Caríssimas, é caso para dizer: se alguma de vós for violada, é bom que tenha a ‘sorte’ de levar também uns valentes tabefes

Leio no DN «Segundo a maioria de juízes, os actos sexuais dados como provados no julgamento de primeira instância não foram suficientemente violentos. Agarrar a cabeça (ou os cabelos) de uma mulher, obrigando-a a fazer sexo oral e empurrá-la contra um sofá para realizar a cópula não constituíram actos susceptíveis de ser enquadrados como violentos» e, não sendo dia das mentiras, nem sei que fazer com a perplexidade.

Não deixo de lado que a legislação sobre violação seja tão estúpida quanto outras leis sobre assuntos apesar de tudo mais inócuos, mas que se considere que o acto em si não é uma violência atroz (física e psicológica) sobre quem é violado e se necessite de actos de violência física simultâneos para condenar alguém por violação – dando-se por provados o não consentimento da mulher e a violação – é algo que, enfim, não consigo sequer qualificar.

O facto é que sentenças absurdas são inúmeras, sobretudo em casos que envolvam menores ou mulheres violadas.
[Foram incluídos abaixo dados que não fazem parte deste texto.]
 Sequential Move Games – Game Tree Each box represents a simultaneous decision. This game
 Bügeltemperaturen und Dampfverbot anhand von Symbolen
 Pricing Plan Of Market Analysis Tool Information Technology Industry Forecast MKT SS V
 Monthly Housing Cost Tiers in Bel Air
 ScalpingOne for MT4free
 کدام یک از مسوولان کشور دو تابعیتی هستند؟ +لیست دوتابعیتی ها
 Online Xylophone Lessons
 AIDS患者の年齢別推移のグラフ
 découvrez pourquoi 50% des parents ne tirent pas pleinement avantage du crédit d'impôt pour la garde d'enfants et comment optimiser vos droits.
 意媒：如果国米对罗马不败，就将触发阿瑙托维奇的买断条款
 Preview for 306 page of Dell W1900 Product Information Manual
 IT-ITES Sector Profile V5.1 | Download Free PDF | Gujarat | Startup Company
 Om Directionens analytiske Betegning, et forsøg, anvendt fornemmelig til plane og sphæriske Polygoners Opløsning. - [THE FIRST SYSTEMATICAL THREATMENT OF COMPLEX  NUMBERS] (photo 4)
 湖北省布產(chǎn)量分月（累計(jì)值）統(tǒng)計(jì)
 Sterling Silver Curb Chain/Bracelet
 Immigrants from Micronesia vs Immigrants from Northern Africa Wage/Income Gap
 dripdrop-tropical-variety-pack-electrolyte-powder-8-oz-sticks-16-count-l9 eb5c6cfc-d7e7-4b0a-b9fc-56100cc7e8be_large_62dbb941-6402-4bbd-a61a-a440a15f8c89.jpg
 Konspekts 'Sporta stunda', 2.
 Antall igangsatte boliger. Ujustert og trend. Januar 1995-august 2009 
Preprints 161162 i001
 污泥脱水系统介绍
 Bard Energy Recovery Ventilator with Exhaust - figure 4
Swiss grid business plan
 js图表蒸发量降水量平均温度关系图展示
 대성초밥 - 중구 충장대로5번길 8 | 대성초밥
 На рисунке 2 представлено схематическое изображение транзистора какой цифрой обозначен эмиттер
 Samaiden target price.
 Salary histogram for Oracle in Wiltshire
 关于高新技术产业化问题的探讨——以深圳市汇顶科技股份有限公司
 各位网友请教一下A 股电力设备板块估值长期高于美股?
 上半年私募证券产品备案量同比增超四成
Foi o  que reduziu a pena a um violador de um rapaz de treze anos porque este teve uma erecção durante a violação. Foi o juiz que mandou para a Rússia com uma mãe alcoólica uma criança que nem russo falava ou entendia, tudo porque a senhora que sempre cuidou da criança o irritava. São os vários casos em que apesar de todas as evidências de violações ou abusos sexuais os molestadores e violadores são objectivamente favorecidos nos tribunais. E é agora uma mulher grávida que foi violada mas em que é indiferente o seu consentimento na relação sexual, uma vez que o violador se calhar até nem lhe provocou nenhuma nódoa negra.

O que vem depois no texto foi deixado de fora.